Cypriot Second Division
- Season: 1969–70
- Champions: Digenis Akritas Morphou FC (1st title)
- Promoted: Digenis Akritas Morphou FC
- Relegated: Achilleas Kaimakli FC Keravnos Strovolou FC Apollon Athienou Anagennisi Larnacas

= 1969–70 Cypriot Second Division =

The 1969–70 Cypriot Second Division was the 15th season of the Cypriot second-level football league.
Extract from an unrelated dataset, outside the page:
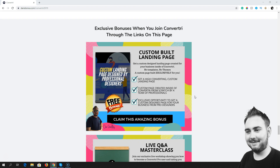This is completely customized. My team and I have been using Convertory for over 12 months and we would consider ourselves to be pretty much Convertory pros. We create hundreds and hundreds of web pages inside Convertory every year, and we really want to do something special when you pick up Convertory through the link down below. So the first bonus is that custom-built landing page — you're going to work directly with my team and I, and we're going to produce something really spectacular for you.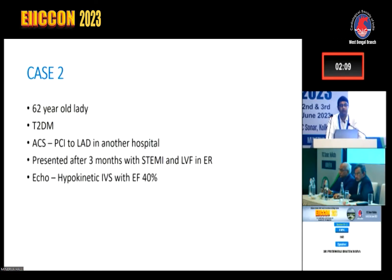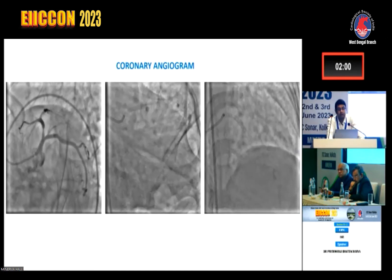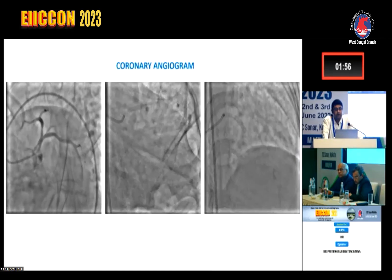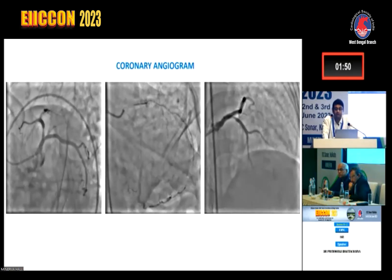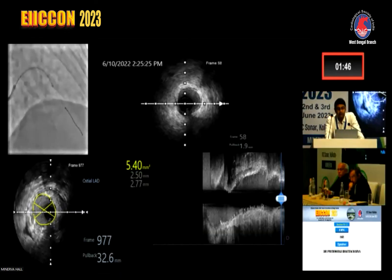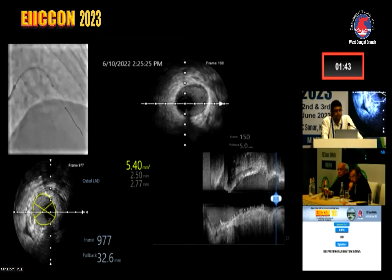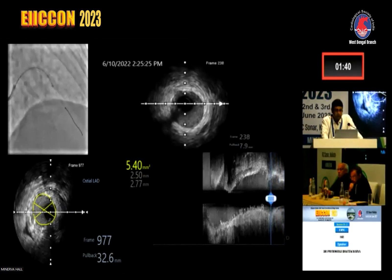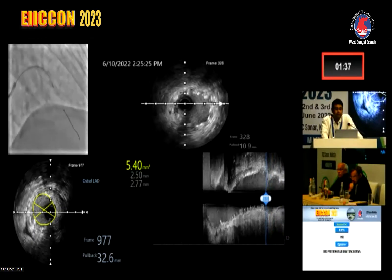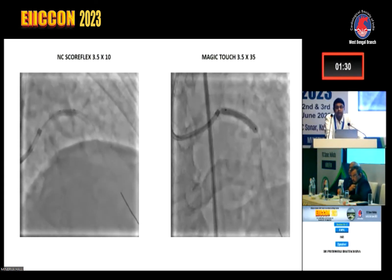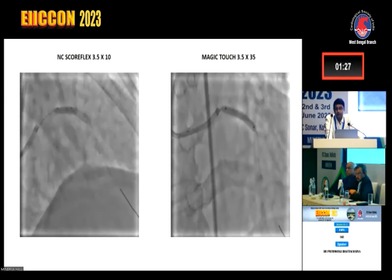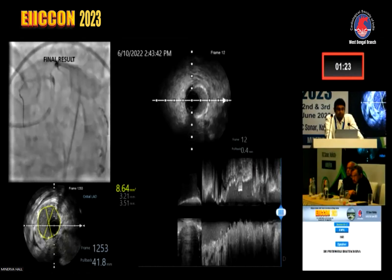Case 2: a 62-year-old diabetic lady who had ACS-PCI at another hospital, presented after three months with STEMI and echocardiographic hypokinesia of the IVS. Angiogram showed a lesion in the proximal part of the LAD stent, likely due to under-expansion or under-sizing. IVUS confirmed a very low minimal luminal area in the proximal stent. We pre-dilated with a Scoreflex balloon 3.5×10 mm and applied a sirolimus-eluting balloon 3.5×35 mm, achieving a good result. The patient is doing well.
Digenis Akritas Morphou FC won their 1st title.

==Format==
Seventeen teams participated in the 1969–70 Cypriot Second Division. All teams played against each other twice, once at their home and once away. The team with the most points at the end of the season crowned champions. The first team was promoted to 1970–71 Cypriot First Division. The last four teams were relegated to the 1970–71 Cypriot Third Division.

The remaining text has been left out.